## THE INPUT
———

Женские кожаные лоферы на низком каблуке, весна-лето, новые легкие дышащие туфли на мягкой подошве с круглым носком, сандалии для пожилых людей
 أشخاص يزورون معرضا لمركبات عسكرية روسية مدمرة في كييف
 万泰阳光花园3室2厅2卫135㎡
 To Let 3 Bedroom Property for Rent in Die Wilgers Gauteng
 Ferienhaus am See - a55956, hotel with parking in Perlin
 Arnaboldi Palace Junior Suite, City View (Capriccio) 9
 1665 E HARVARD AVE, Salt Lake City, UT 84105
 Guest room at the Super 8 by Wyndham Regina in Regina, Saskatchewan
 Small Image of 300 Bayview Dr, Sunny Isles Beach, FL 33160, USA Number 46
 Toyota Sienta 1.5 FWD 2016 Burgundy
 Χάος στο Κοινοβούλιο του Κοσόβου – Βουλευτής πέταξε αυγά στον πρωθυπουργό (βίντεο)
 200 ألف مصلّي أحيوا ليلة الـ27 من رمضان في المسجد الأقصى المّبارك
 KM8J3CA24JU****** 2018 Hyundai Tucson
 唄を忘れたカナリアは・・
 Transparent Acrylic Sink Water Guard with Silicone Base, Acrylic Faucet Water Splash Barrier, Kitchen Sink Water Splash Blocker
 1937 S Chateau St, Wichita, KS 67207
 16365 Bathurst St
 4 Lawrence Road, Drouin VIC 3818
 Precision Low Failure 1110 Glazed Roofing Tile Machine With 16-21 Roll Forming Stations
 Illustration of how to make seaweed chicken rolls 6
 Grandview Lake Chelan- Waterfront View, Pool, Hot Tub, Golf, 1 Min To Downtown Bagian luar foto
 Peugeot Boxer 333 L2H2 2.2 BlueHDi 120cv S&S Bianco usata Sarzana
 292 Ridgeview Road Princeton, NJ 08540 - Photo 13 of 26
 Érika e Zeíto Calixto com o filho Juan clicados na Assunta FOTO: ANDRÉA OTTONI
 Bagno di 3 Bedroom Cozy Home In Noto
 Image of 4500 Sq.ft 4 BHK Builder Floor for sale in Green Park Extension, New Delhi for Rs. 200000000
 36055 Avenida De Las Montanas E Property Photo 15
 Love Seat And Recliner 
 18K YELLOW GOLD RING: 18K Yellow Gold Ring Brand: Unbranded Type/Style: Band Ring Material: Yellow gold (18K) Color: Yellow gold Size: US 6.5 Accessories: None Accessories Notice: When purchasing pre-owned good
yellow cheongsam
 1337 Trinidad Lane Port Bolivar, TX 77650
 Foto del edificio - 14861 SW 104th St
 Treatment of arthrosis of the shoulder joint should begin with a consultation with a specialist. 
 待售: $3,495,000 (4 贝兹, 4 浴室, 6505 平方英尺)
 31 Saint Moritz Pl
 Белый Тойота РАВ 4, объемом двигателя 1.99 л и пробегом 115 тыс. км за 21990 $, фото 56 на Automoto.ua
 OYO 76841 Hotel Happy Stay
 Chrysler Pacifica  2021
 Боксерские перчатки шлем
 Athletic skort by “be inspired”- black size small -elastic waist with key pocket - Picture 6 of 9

———

## PROBLEM
Whenever a line includes the word "Photo", pull it out of the entries.

## WRITTEN ANSWER
 292 Ridgeview Road Princeton, NJ 08540 - Photo 13 of 26
 36055 Avenida De Las Montanas E Property Photo 15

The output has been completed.